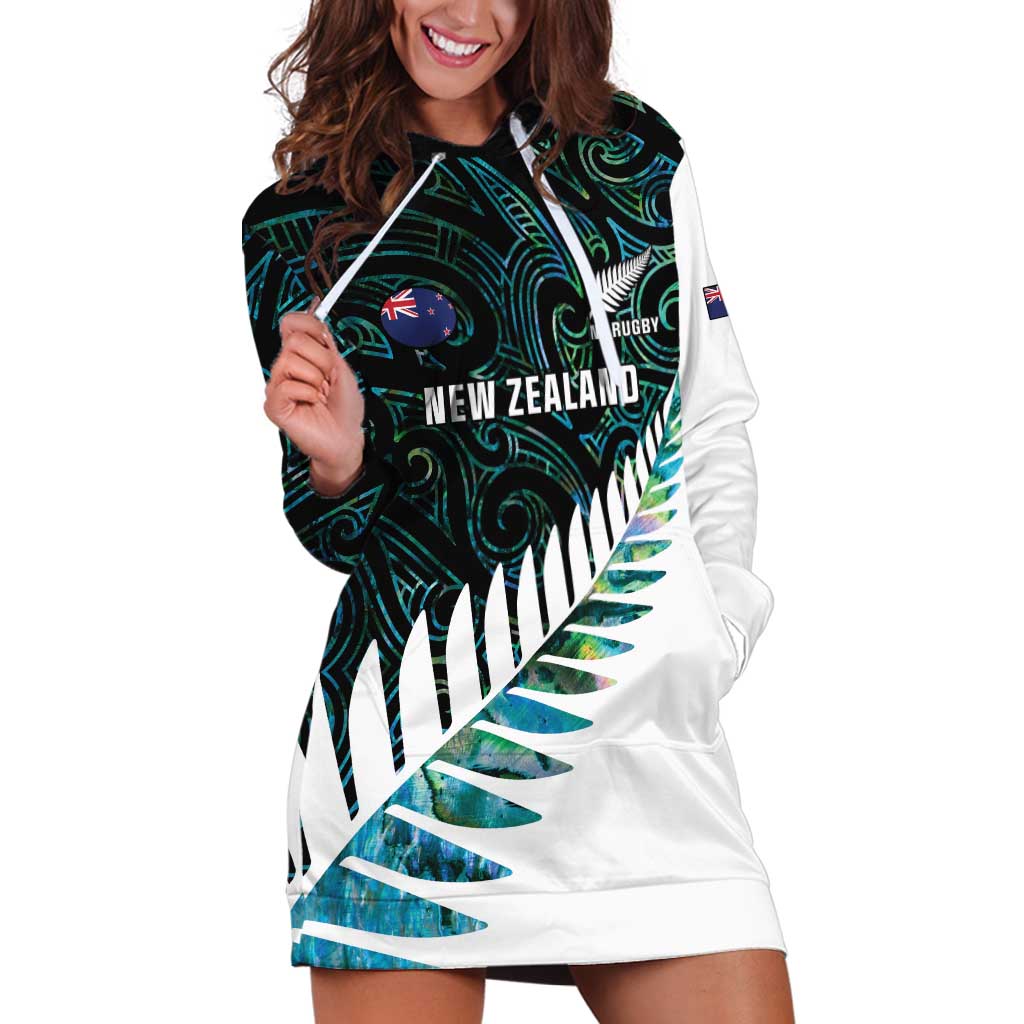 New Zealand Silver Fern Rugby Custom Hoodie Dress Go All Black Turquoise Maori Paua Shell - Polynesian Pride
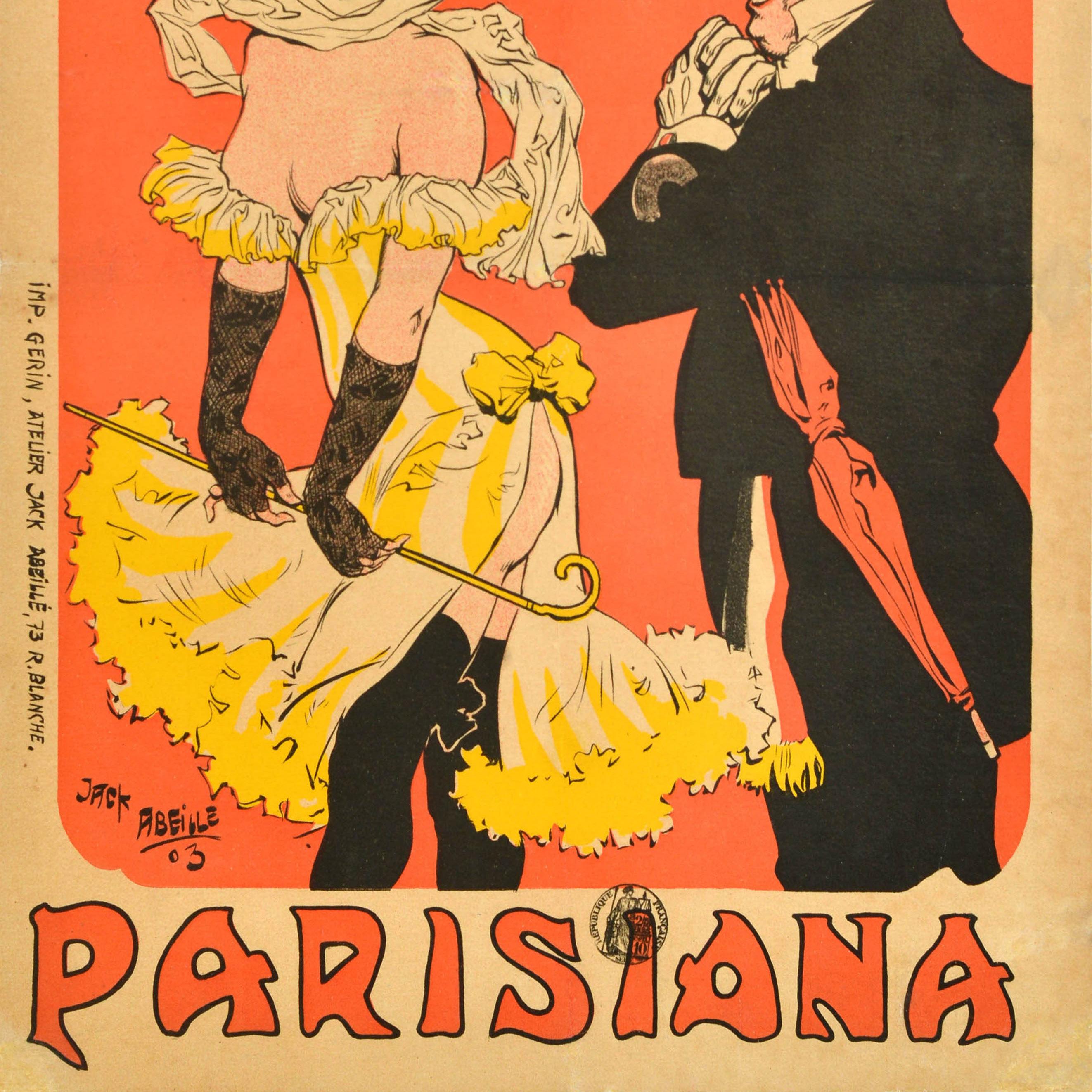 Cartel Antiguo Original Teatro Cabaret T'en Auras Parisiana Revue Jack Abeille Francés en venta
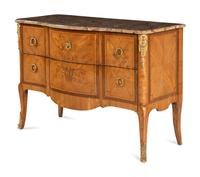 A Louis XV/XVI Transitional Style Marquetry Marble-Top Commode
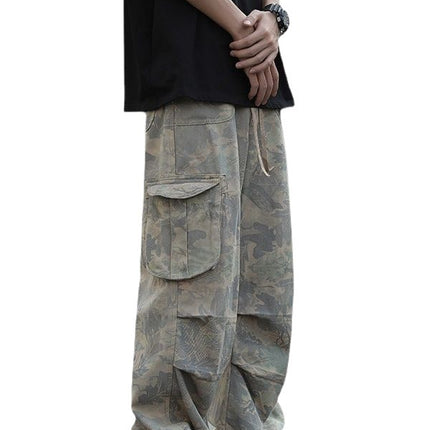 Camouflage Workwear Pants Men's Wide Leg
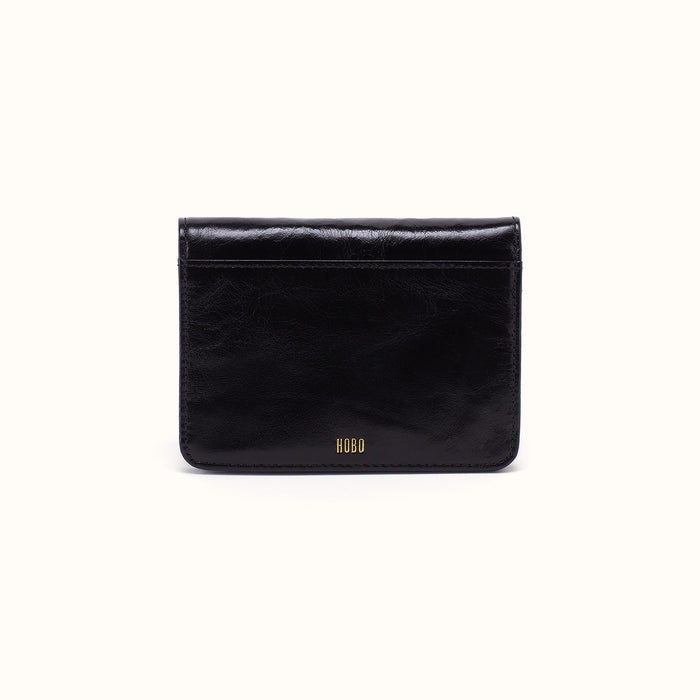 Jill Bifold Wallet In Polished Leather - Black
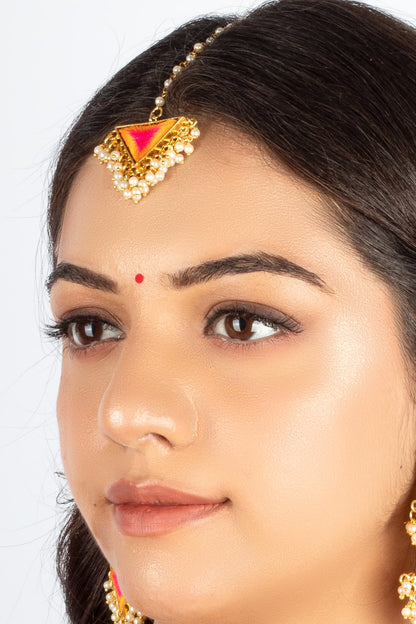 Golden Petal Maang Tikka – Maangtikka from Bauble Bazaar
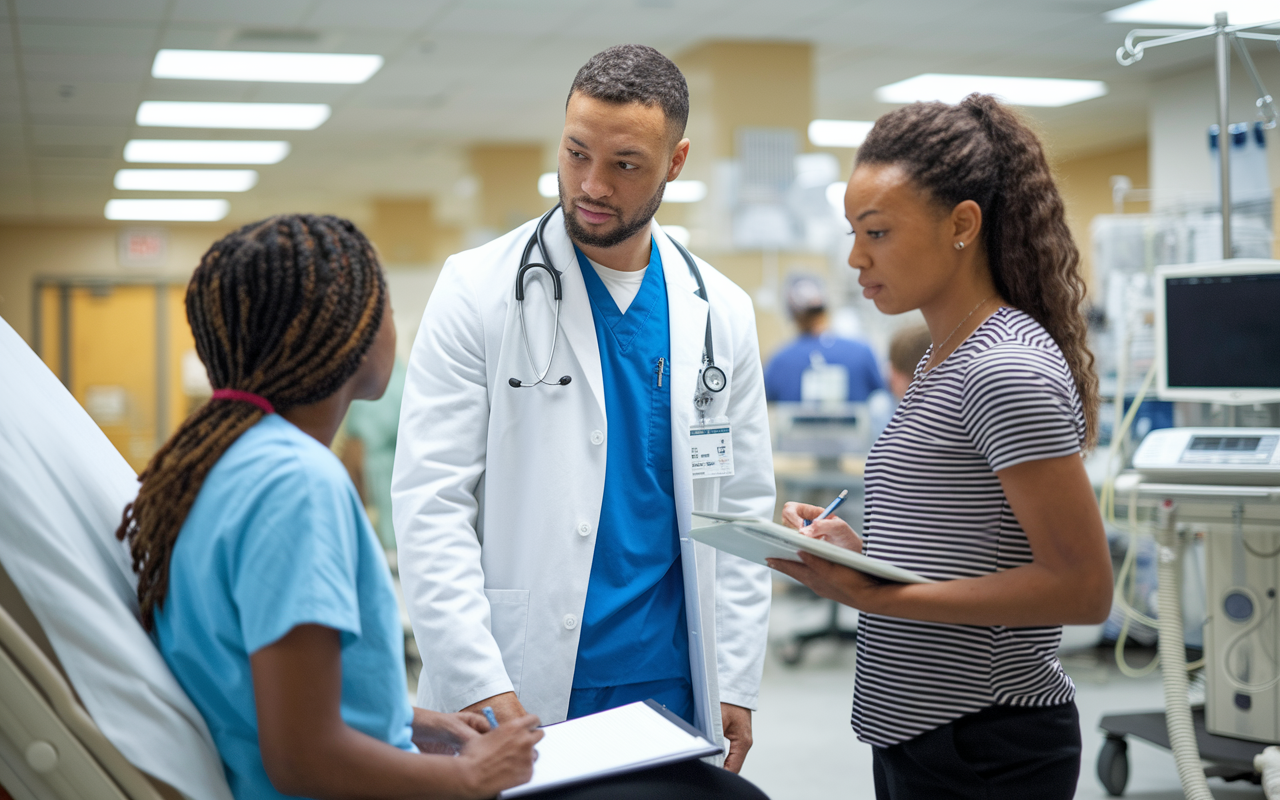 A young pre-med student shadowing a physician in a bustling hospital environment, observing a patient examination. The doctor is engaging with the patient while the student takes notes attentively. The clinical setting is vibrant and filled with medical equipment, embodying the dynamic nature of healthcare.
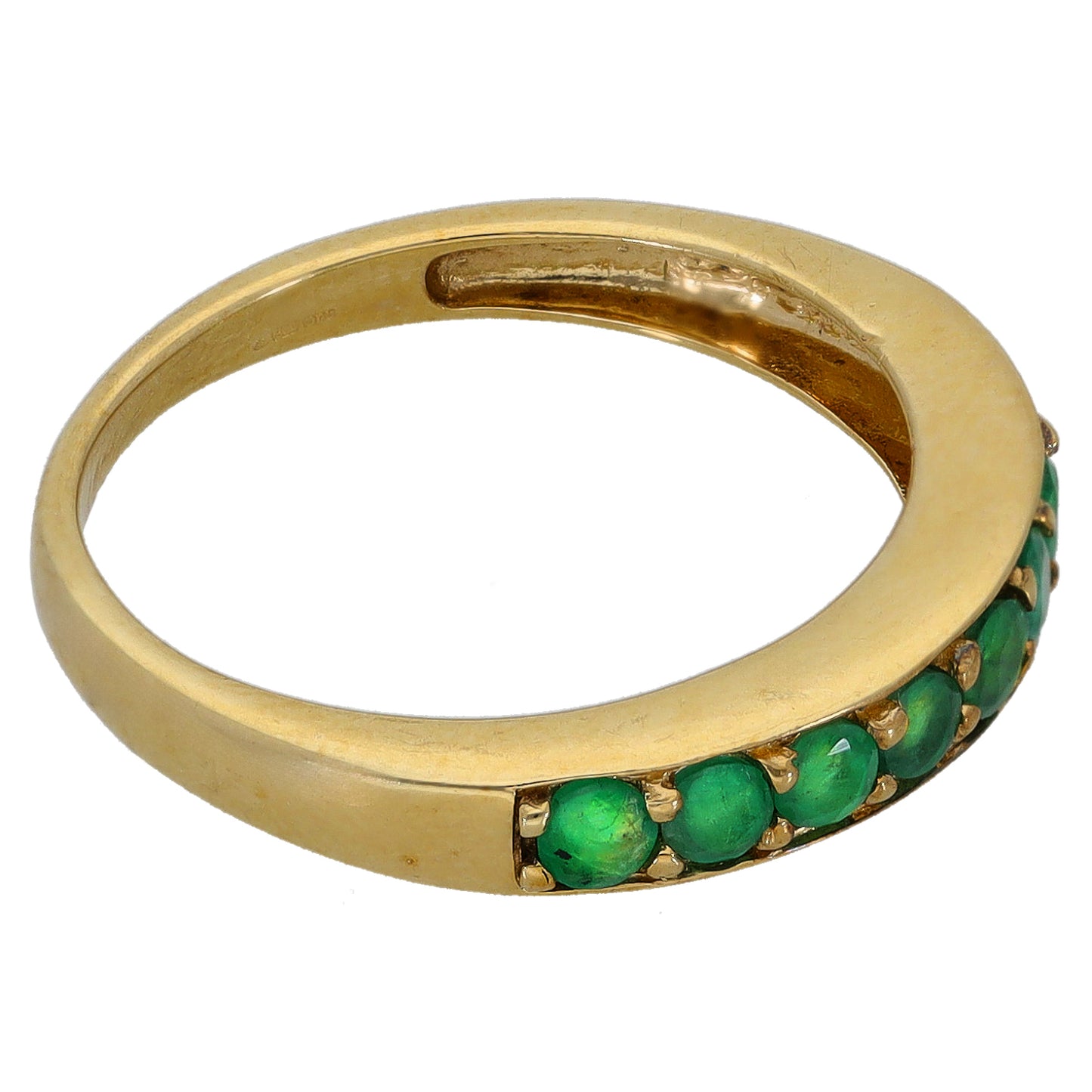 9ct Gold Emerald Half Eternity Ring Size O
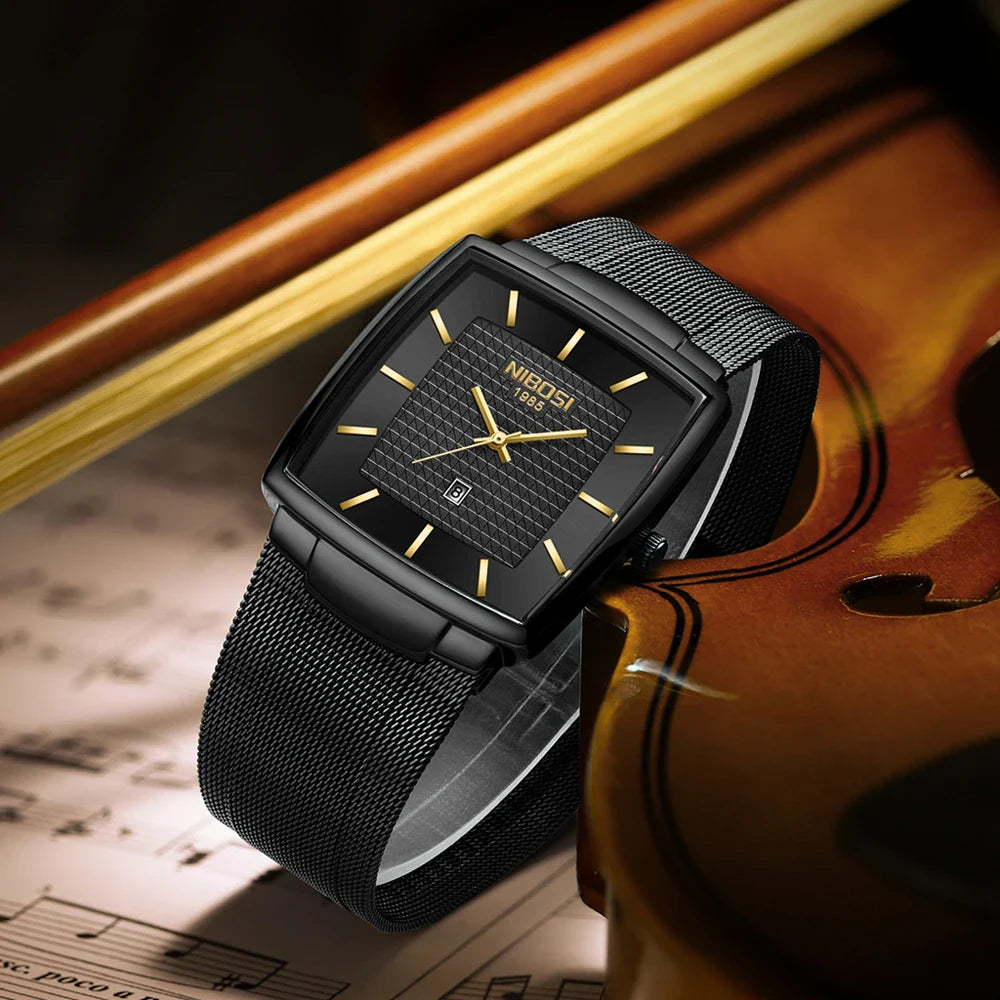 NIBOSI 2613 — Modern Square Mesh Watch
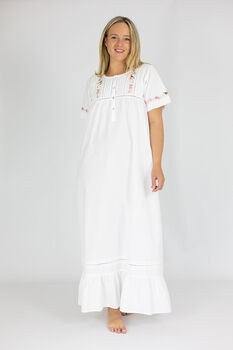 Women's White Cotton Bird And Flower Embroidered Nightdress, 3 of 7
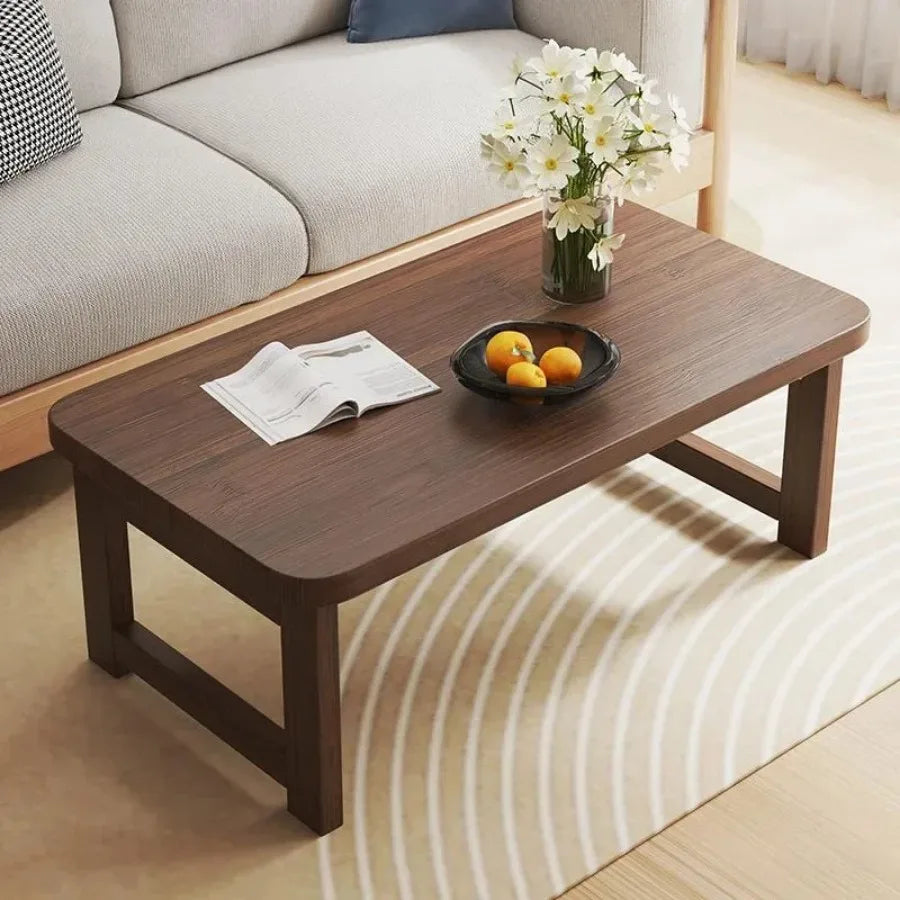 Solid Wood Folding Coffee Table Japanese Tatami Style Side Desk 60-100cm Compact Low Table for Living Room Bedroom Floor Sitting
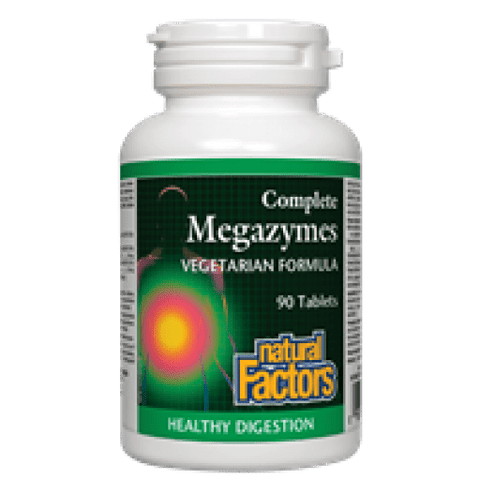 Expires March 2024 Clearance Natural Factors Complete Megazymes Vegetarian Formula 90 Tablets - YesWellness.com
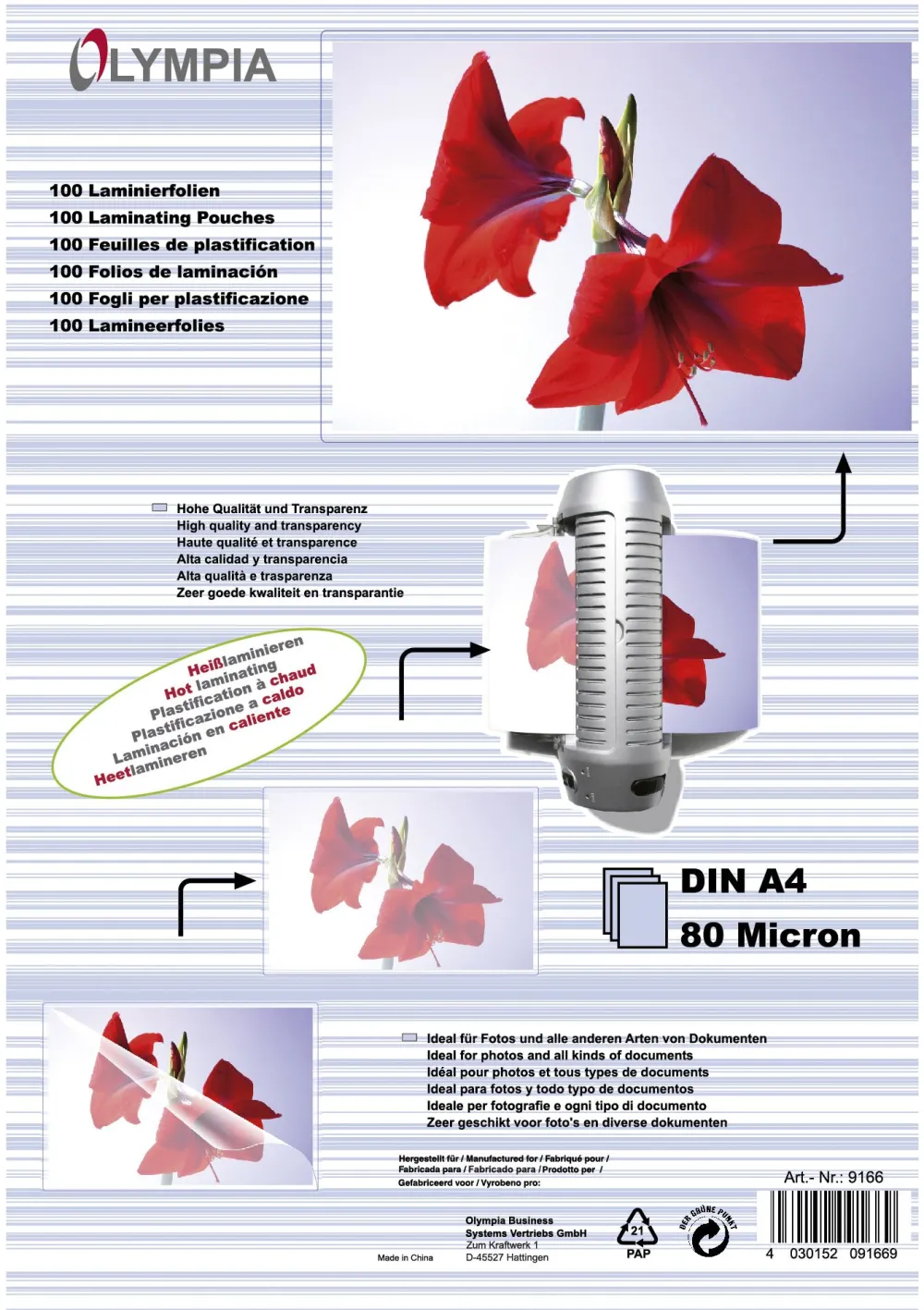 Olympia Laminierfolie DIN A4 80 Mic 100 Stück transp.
********
→ Your objective: A verbatim transcript of the material above, with images dropped, is the expected output.

→ Answer space:
 New Zealand Silver Fern Rugby Custom Hoodie Dress Go All Black Turquoise Maori Paua Shell - Polynesian Pride
 Cartel Antiguo Original Teatro Cabaret T'en Auras Parisiana Revue Jack Abeille Francés en venta
 A Louis XV/XVI Transitional Style Marquetry Marble-Top Commode
 Camouflage Workwear Pants Men's Wide Leg
 Jill Bifold Wallet In Polished Leather - Black
 Golden Petal Maang Tikka – Maangtikka from Bauble Bazaar
 A young pre-med student shadowing a physician in a bustling hospital environment, observing a patient examination. The doctor is engaging with the patient while the student takes notes attentively. The clinical setting is vibrant and filled with medical equipment, embodying the dynamic nature of healthcare.
 9ct Gold Emerald Half Eternity Ring Size O
 NIBOSI 2613 — Modern Square Mesh Watch
 Women's White Cotton Bird And Flower Embroidered Nightdress, 3 of 7
 Solid Wood Folding Coffee Table Japanese Tatami Style Side Desk 60-100cm Compact Low Table for Living Room Bedroom Floor Sitting
 Expires March 2024 Clearance Natural Factors Complete Megazymes Vegetarian Formula 90 Tablets - YesWellness.com
 Olympia Laminierfolie DIN A4 80 Mic 100 Stück transp.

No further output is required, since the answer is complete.